I contemporanei di Gesù non lo avevano riconosciuto come figlio di Dio, sì perché lui era il Dio impastato di fango e un Dio impastato di fango è sempre un problema riconoscerlo… Era un problema un Dio che andava a ballare ad una festa di nozze, che andava in trattoria (più o meno) a festeggiare, che toccava un lebbroso o che si lasciava toccare da una donna sanguinante, che dava corda ad una cananea e ad una samaritana, ai peccatori e alle prostitute (anche se, leggendo il vangelo, sembra quasi che queste due ultime parole, dette allora, non avessero il peso che hanno oggi… sembra quasi che, accanto al nome «Gesù», il peccatore sia comunque una persona, normale e dignitosa, e anche la prostituta; invece, dette di persone di oggi, queste due parole piacciono poco, sanno di roba che va tenuta lontana).
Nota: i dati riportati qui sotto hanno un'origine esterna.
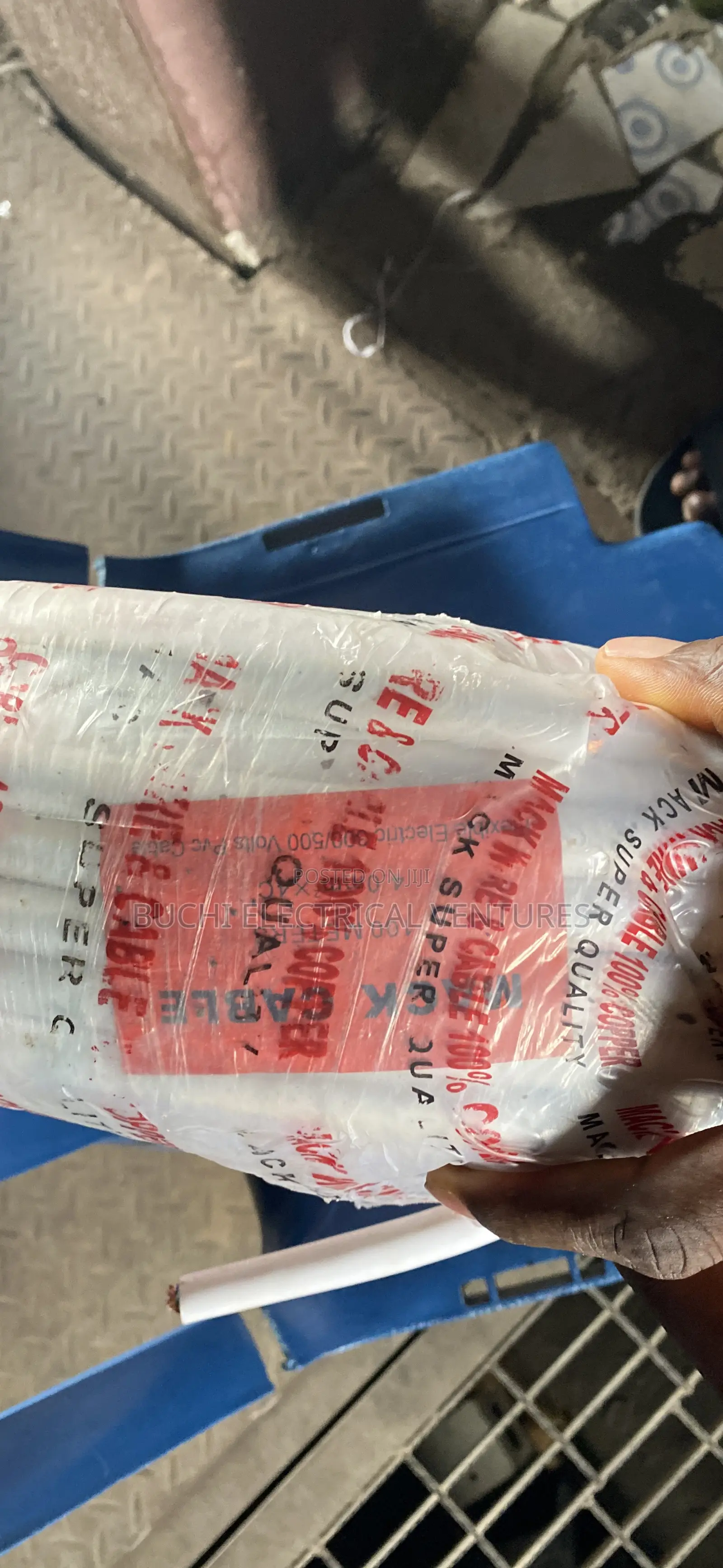 4mm 4core Flexible Cable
Altri tempi… Noi oggi sappiamo, noi oggi abbiamo capito, noi oggi giudichiamo quelli che duemila anni fa non hanno riconosciuto quel Dio impastato di fango… Noi oggi sappiamo riconoscere il Dio impastato di fango, sì, ma quello di duemila anni fa; invece… Quello di oggi? Quello che incontriamo tutti i giorni nella nostra vita quotidiana? Quello a cui dovremmo assomigliare anche noi?
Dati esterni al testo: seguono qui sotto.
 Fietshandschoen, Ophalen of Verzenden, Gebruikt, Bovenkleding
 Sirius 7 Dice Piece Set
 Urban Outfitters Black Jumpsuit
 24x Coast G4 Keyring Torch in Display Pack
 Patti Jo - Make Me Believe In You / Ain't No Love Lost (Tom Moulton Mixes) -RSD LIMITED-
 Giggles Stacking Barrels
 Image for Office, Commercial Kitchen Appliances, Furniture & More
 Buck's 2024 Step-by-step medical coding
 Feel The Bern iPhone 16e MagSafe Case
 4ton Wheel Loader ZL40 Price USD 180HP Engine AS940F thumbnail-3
Non è che, forse, noi abbiamo riconosciuto il Dio impastato di fango di duemila anni fa e lo abbiamo lasciato là dov’era?
Quello di oggi, dov’è… perché io lo possa accogliere?
Com’è… perché io lo possa imitare?
O, forse, non è che anche noi oggi siamo rimasti fermi a duemila anni fa, là dove il Dio impastato di fango non è stato riconosciuto? Non è che anche noi oggi ci sentiamo bravi cristiani perché citiamo a memoria i versetti della Bibbia, ma, poi, alla prova della vita, siamo rimasti là, fermi, dove il Dio impastato di fango non è stato riconosciuto, accolto, seguito?
Nell’icona, quei lineamenti scuri del volto vengono coperti di «fango», ma per poi essere ripresi e a quel fango viene di nuovo donata la luce; tuttavia, se non ci fosse quello strato di «fango» sottostante, non vedremmo neanche la luce, i tratti vivi, la luminosità del volto e quindi la sua bellezza: quanto è prezioso quel fango! Lo ripeto: è grazie a quel fango che noi possiamo dipingere (e vedere) la luce del volto.
Che questo Avvento possa essere l’occasione per aprire gli occhi, per lasciarci aprire gli occhi, per poter riconoscere il Dio impastato di fango che cammina sulle nostre strade.
Che bello dipingere (scrivere) icone! Che bello fare il sankir’… Vedere, toccare con mano e cercare di amare questo Dio, impastato di fango.